→ **Work instructions**
From the listing below, restate word for word the lines from the line containing "They taste wonderful" down through the line containing "Hello. Did you". Exclude pictures.

→ **Data supplied**

↓

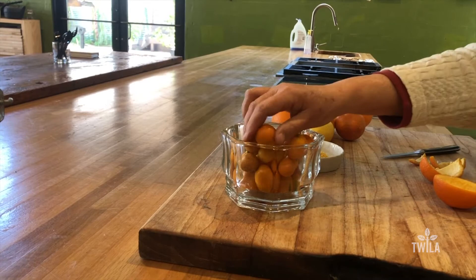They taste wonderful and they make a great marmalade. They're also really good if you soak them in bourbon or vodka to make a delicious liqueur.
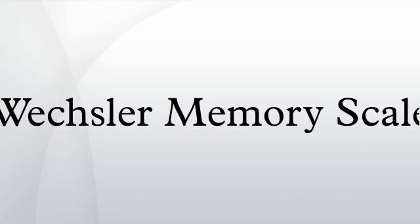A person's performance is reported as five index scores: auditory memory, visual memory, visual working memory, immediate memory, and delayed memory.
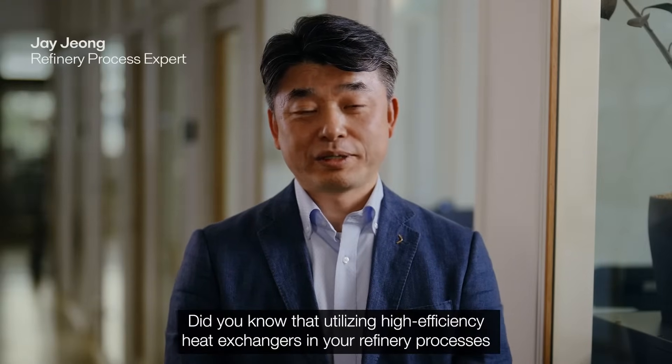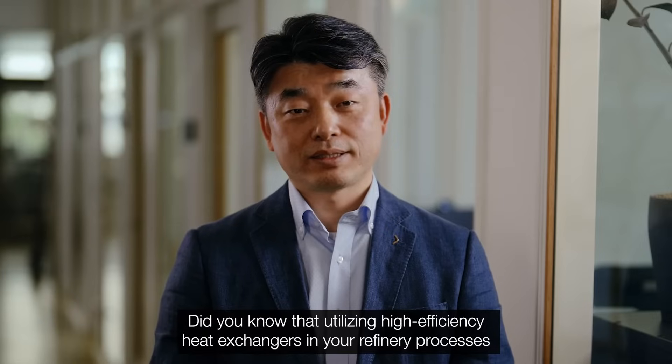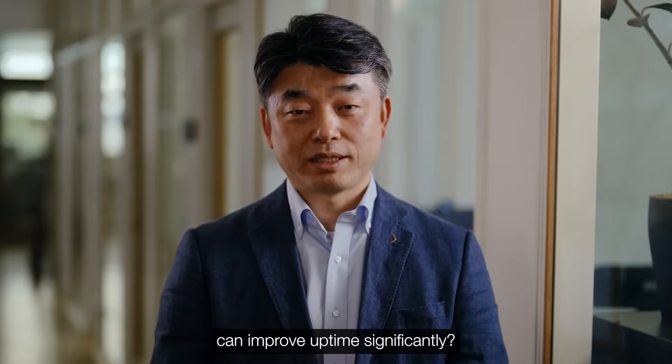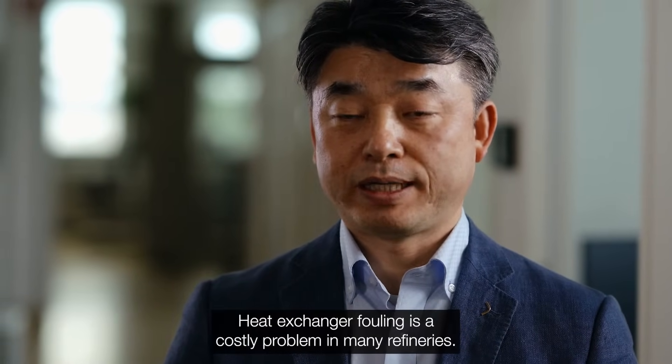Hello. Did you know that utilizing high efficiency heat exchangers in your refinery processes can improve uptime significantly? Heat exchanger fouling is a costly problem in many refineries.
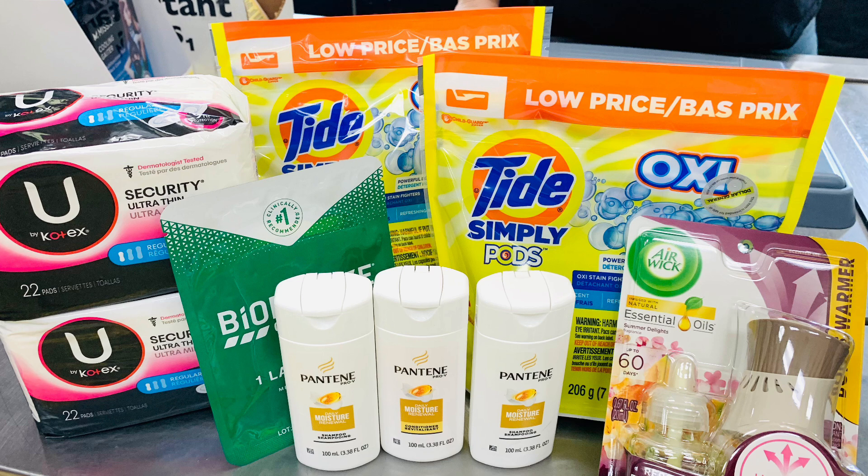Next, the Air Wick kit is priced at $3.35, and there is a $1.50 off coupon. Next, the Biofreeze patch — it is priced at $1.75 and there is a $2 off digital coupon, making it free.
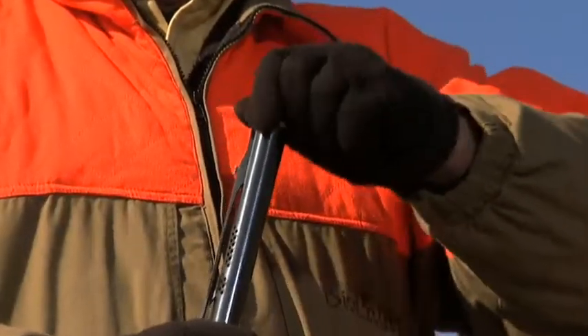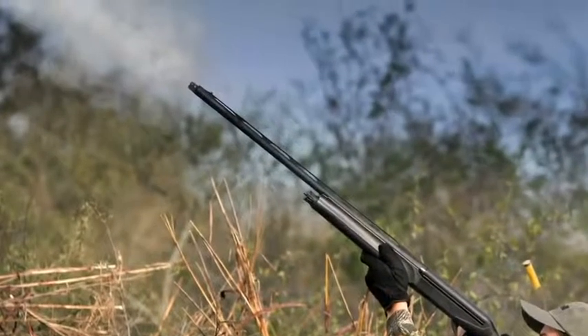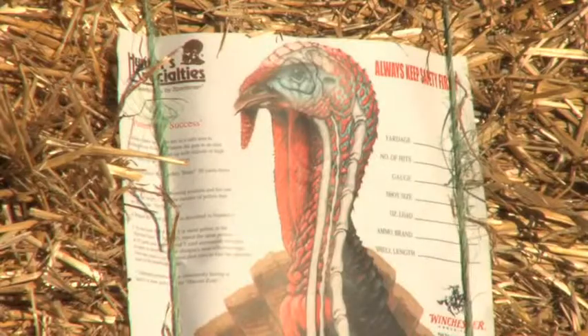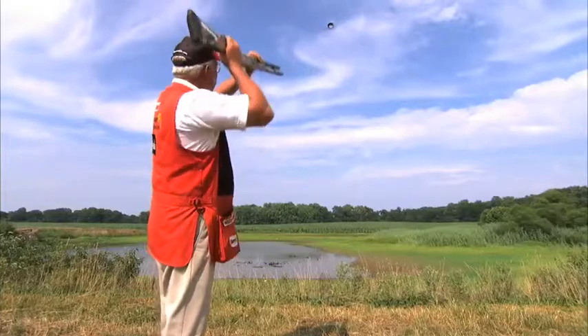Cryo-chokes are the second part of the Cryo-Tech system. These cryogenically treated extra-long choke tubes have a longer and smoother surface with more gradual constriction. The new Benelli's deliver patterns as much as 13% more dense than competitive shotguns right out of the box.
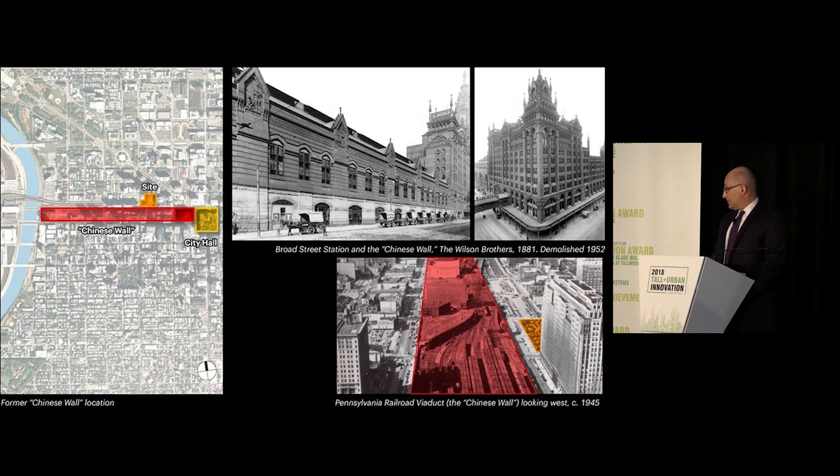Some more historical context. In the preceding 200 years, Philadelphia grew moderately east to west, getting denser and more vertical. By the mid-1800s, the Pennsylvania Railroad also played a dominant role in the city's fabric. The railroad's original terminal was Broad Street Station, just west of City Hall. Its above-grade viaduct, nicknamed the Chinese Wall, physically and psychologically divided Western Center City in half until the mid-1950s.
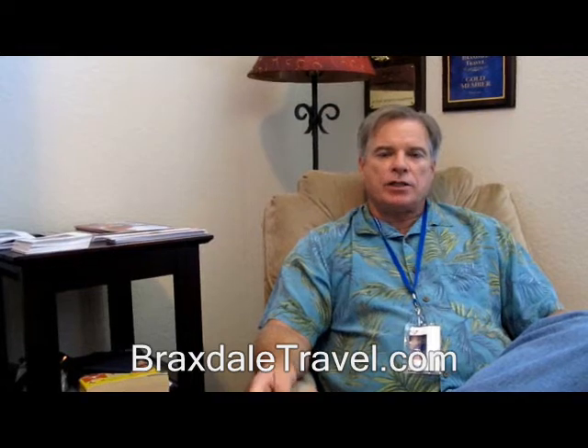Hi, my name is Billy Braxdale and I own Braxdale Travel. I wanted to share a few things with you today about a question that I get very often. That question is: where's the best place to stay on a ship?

↑
↓

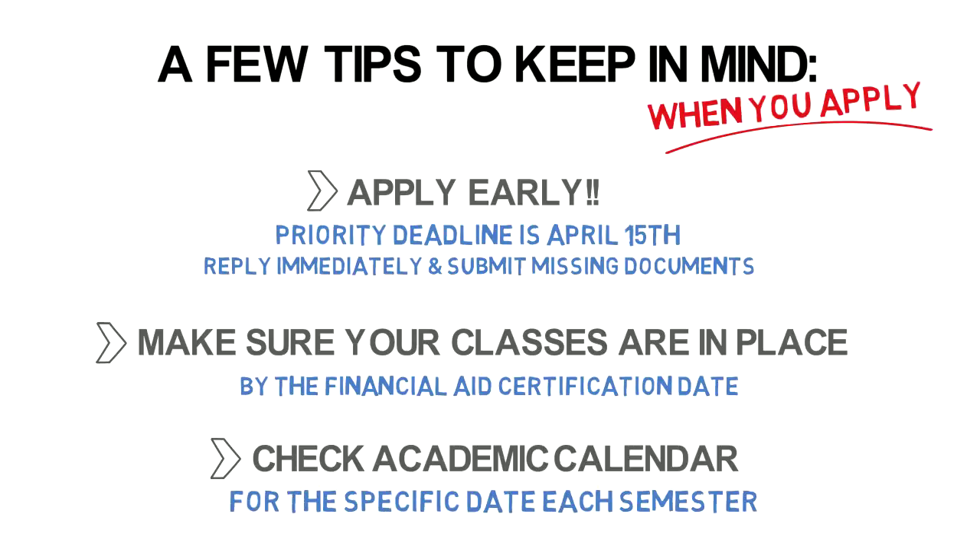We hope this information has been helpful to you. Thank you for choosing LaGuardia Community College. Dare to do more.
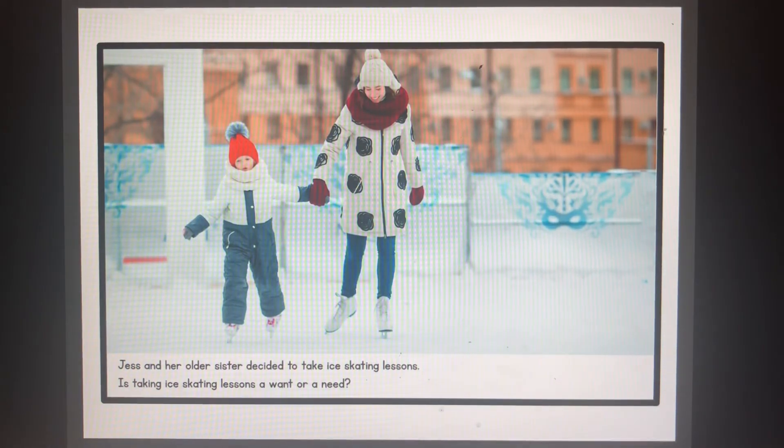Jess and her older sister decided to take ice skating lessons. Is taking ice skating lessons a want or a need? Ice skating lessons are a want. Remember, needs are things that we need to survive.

↑

→ **Result of this task**
They taste wonderful and they make a great marmalade. They're also really good if you soak them in bourbon or vodka to make a delicious liqueur.
A person's performance is reported as five index scores: auditory memory, visual memory, visual working memory, immediate memory, and delayed memory.
Hello. Did you know that utilizing high efficiency heat exchangers in your refinery processes can improve uptime significantly? Heat exchanger fouling is a costly problem in many refineries.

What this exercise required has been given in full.